The texting while driving ban went into effect on Sept. 1, 2017. Basically, it made it illegal to read, write or send a text while driving in Texas. The law also covers emailing, instant messaging and posting to social media.
Section 545.4251 of Transportation Code prohibits the use of a portable wireless communication device to “read, write, or send an electronic message while operating a motor vehicle unless the vehicle is stopped.” Notice the “vehicle is stopped language.” This means, for example, that it would not be illegal to read a text while stopped at a stoplight.
Electronic messages include texts, emails, and other communications that are read from or entered into a wireless communication device for the purpose of communicating with another person.
A wireless communication device is any device that uses a commercial mobile service that connects mobile devices for profit.
Drivers face a fine of $25 to $99 for a first offense. Repeat offenders face penalties ranging from $100 to $200.
Transportation Code Section 545.424 prohibits any person under the age of 18 from operating a motor vehicle while using a wireless communication device. No exception is made for vehicles that are stopped.

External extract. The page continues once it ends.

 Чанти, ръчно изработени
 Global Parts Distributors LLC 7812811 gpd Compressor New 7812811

In other words, it’s illegal for teens to use any kind of wireless communication device while behind the wheel, including making calls or texts on hands-free devices.

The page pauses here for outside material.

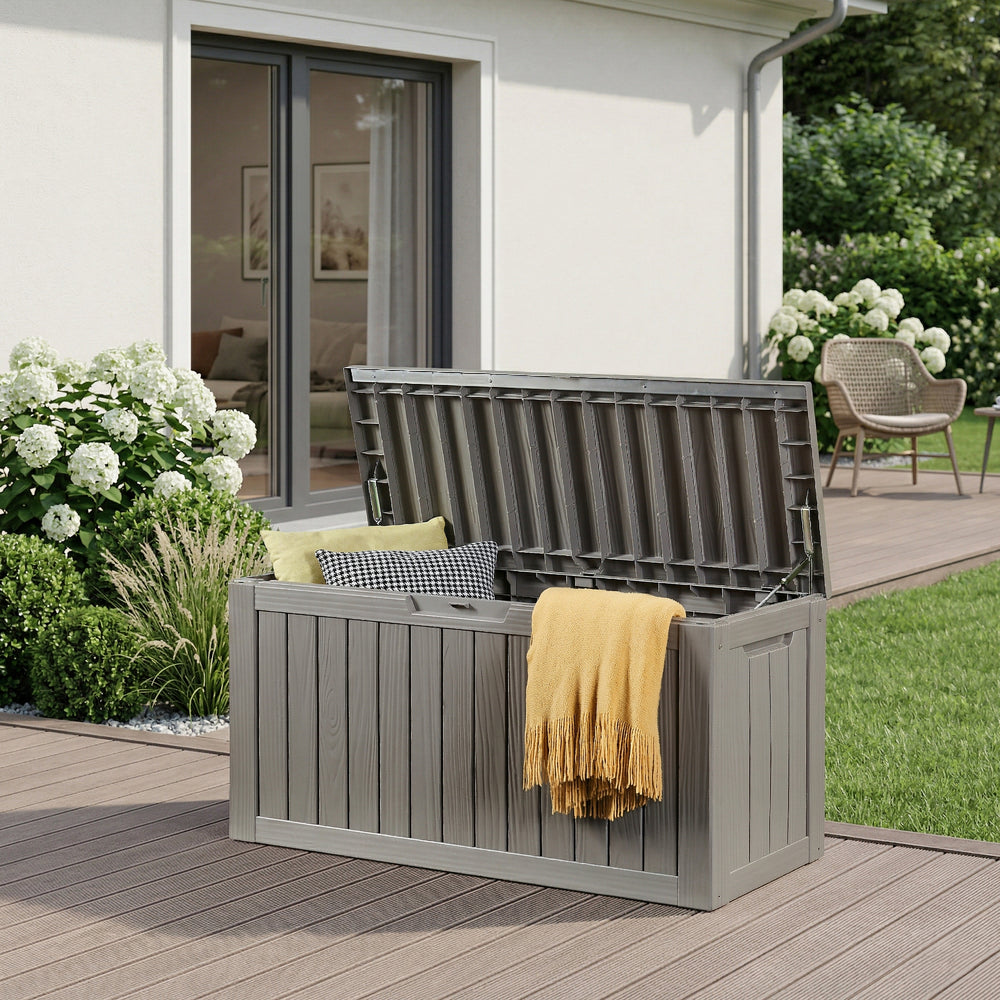 Utomhusförvaringslåda Vades 117x47x59 cm [casa.pro]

A first offense results in a fine of $25 to $99. Repeat offenders face penalties ranging from $100 to $200.
Any driver convicted of texting while driving who causes death or serious bodily injury faces a Class A misdemeanor, punishable by up to a year in jail and a $4,000 fine.
Motorists can still use their phones to report a crime, operate GPS or play music. The following are exceptions to the texting-while-driving ban:
An officer cannot arrest you for using your wireless communication device, but it may justify a stop in which case the officer discovers another reason to arrest you.

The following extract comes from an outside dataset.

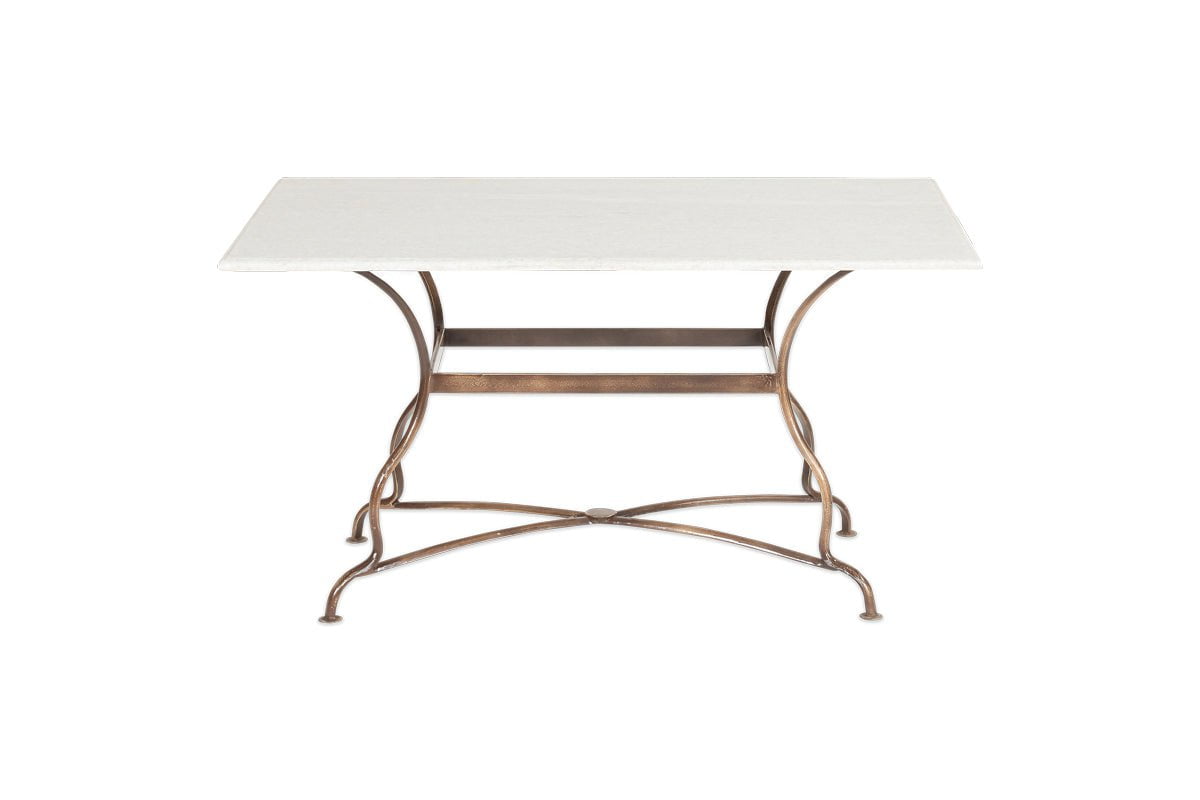 nkuku OUTDOOR LIVING Parwaha Marble Coffee Table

Under the new law, officers are able to stop anyone who is using their cell phone in their cars. Remember, many arrests occur as the result of a routine traffic stop. Driving while using your cell phone for anything gives an officer the ability to say they believed they had reasonable suspicion that you were texting. Think about that for a second: The fact that you were not actually texting is unlikely to result in the stop being invalid. All the officer needs is reasonable suspicion that an offense took place to stop you, not the actual commission of the offense.
In an effort to make their case, municipal prosecutors may have to subpoena phone records in an effort to show the driver was texting. Police officers are prohibited from taking or inspecting phones “unless authorized by the Code of Criminal Procedure, the Penal Code, or other law.” Officers will not be able to force you to give them your phone or seize your phone for only a violation of the texting and driving statute.
To prove the actual offense, a police officer will have to prove you were using your cell phone unlawfully for reading, writing, or sending an electronic message – and not for an approved purpose such as accessing GPS or a music app. And while a subpoenaed phone log may be helpful for the prosecution, they still may not need it. Remember, all the prosecutors have to do is convince the judge or jury that you were reading an electronic message.